Before the occurrence there had been two attendants present. One of them left and Long remained. He could not have prevented the assault. The presence of almost 25 other patients did not prevent the assault.
As a matter of law, the State is not compelled to provide individual supervision for every mental patient. The State is not an insurer of the safety of such patients. Claimant has not sustained his burden of proving that the State failed to use reasonable care against a foreseeable occurrence.
As stated in the Per Curiam memorandum of the Appellate Division in Feitelberg v. State of New York (284 App. Div. 1086): “ The proof did not establish that the number of attendants assigned to the ward was inadequate.” There, claimant had utilized expert testimony which was contradicted by a State expert. In our case, claimant had no expert proof.
In Kowalski v. State of New York (7 A D 2d 762), decided after this trial, the same appellate court wrote that “No proof was offered medically as to * * * what constituted the proper method of supervision in a mental institution or any acts which might constitute negligence. The State offered no testimony. Negligence may not be presumed from the mere happening of an accident. It was incumbent upon the part of the claimant to show affirmatively by competent evidence that the death of the decedent was caused by reason *778of some breach, of duty on the part of the State. Negligence must be proven. (McCabe v. State of New York, 190 Misc. 11, affd. 273 App. Div. 1048; Flaherty v. State of New York, 296 N. Y. 342.) There is no showing of negligence on the part of the State here”. Said language and legal reasoning are apropos at bar.
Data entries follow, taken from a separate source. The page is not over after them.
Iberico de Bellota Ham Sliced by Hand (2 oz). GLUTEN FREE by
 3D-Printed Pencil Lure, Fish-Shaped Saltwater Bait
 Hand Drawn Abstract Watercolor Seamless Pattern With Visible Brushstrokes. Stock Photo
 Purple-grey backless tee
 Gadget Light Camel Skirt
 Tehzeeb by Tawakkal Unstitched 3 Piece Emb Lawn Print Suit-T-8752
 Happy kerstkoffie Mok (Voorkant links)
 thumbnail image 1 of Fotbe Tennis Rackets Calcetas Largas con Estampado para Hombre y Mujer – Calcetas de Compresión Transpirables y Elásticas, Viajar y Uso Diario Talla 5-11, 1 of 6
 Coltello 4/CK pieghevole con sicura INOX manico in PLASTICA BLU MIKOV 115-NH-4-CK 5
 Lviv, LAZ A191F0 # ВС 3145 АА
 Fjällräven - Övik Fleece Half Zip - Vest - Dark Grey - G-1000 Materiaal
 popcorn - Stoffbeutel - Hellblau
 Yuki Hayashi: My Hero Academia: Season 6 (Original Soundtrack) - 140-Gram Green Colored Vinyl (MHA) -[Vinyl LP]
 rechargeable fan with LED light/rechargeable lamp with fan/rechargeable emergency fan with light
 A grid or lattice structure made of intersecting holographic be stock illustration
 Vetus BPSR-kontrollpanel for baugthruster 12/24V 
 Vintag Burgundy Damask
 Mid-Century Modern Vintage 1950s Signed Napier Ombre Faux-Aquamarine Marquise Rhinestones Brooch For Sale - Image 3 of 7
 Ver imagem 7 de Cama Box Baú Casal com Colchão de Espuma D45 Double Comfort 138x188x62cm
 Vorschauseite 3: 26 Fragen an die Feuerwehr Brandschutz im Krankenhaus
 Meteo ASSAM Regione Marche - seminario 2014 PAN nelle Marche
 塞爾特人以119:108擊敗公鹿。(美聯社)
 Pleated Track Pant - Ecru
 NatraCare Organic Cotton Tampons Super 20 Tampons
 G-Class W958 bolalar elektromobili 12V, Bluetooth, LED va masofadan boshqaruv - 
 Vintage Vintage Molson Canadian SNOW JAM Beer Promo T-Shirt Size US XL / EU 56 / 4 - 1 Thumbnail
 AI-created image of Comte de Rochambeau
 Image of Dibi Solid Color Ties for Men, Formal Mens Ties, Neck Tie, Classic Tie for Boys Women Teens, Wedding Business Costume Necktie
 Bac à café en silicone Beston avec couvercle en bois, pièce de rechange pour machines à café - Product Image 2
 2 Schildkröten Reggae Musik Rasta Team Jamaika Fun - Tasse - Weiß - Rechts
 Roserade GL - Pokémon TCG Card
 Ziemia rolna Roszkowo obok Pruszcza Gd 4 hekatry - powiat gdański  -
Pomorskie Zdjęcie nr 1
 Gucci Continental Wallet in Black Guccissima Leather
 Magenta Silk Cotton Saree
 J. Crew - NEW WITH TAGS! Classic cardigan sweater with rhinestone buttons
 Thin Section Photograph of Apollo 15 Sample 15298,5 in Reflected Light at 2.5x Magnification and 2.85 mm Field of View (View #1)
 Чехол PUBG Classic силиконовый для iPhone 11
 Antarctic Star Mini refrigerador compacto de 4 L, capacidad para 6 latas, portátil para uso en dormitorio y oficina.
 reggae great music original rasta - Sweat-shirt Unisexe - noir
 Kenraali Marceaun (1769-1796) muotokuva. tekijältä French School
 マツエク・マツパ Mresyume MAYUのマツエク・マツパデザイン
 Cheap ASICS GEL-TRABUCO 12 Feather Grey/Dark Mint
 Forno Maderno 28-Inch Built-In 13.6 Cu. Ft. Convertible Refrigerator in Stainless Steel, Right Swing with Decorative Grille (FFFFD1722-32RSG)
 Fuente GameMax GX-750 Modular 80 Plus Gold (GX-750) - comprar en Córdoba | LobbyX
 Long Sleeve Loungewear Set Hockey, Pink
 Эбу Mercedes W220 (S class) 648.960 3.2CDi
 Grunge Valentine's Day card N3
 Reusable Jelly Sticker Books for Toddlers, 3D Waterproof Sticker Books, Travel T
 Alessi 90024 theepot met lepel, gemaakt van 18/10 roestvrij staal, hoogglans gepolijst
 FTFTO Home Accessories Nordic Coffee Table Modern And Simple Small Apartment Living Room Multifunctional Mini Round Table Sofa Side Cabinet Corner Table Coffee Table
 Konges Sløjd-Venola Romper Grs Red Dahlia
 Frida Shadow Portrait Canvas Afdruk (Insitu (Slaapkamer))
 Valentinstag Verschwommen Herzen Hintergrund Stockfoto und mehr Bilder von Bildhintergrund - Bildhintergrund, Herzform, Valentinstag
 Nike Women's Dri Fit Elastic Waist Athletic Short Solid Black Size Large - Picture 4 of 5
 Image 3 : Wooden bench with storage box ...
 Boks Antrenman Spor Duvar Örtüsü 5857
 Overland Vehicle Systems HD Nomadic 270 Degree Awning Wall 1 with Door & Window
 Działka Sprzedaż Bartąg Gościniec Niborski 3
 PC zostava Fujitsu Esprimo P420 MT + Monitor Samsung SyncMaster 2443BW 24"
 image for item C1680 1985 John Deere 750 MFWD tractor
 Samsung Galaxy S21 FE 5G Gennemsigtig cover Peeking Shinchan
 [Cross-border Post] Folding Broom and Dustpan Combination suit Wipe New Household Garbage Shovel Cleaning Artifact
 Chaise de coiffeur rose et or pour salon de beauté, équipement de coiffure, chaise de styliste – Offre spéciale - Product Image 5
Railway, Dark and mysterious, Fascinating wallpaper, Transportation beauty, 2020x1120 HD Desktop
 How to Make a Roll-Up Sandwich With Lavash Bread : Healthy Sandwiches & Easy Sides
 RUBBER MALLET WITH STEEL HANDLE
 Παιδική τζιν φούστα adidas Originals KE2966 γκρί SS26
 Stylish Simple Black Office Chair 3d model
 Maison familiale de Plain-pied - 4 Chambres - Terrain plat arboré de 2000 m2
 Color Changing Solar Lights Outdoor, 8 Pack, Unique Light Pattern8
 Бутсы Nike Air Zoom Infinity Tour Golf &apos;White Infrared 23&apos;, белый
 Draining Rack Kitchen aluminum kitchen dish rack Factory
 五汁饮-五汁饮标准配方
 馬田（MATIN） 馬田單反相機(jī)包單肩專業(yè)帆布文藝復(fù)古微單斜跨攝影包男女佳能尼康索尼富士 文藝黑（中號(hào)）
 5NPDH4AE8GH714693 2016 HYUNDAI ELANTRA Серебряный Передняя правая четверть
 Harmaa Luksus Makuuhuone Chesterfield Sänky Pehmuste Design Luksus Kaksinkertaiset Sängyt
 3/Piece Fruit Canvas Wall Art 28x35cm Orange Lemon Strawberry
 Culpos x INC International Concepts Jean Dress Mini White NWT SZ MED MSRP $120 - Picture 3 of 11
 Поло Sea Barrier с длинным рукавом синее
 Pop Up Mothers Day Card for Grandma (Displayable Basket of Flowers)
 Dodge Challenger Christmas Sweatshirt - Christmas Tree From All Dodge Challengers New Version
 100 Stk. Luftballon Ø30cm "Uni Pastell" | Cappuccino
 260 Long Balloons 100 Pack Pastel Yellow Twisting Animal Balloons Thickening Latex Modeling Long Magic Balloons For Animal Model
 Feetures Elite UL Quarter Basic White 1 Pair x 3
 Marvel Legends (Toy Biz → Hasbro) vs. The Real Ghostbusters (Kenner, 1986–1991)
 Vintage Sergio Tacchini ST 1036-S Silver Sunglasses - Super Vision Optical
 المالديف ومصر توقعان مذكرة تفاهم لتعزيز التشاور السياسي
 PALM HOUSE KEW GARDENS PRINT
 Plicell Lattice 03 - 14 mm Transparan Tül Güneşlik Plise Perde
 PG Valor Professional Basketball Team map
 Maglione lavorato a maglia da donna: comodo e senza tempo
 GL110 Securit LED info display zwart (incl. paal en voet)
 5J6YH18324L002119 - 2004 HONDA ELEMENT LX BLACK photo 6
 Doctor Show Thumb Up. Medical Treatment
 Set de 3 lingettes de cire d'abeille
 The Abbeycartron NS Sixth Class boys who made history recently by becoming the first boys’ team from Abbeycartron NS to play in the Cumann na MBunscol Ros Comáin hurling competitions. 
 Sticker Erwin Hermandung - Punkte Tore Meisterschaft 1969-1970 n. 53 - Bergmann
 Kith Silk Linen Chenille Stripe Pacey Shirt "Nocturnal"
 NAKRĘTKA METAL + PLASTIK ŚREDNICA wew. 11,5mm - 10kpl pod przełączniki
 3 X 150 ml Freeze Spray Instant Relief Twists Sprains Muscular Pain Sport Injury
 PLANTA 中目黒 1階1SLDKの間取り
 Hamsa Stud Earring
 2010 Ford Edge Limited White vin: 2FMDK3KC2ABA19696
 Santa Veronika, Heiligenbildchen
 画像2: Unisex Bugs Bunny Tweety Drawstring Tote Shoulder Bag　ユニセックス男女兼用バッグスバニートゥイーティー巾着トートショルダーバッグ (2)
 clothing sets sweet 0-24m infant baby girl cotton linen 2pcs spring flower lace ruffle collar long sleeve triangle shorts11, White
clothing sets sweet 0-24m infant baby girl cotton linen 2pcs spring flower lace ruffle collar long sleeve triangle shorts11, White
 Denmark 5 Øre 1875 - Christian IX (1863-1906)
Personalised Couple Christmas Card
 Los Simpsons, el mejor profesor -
Claimant has not sustained his burden of proving that any State act or failure to act was a proximate cause of the assault. Accordingly, the defendant cannot be cast in damages upon this record. The claim must be dismissed.
The State’s motions to dismiss (on which decisions had been reserved during the trial) are granted.
This claim has not been assigned nor submitted to any other court or tribunal for audit or determination.
The stenographic minutes of the trial were received by us on May 4, 1959. At the trial’s conclusion, counsel had stipulated that we should render a decision and then grant them about 10 days to submit proposed findings of fact and proposed conclusions of law, if desired. The same are to be exchanged and submitted on or before June 22, 1959. After they have been passed upon, the clerk will receive appropriate directions with respect to the entry of judgment herein.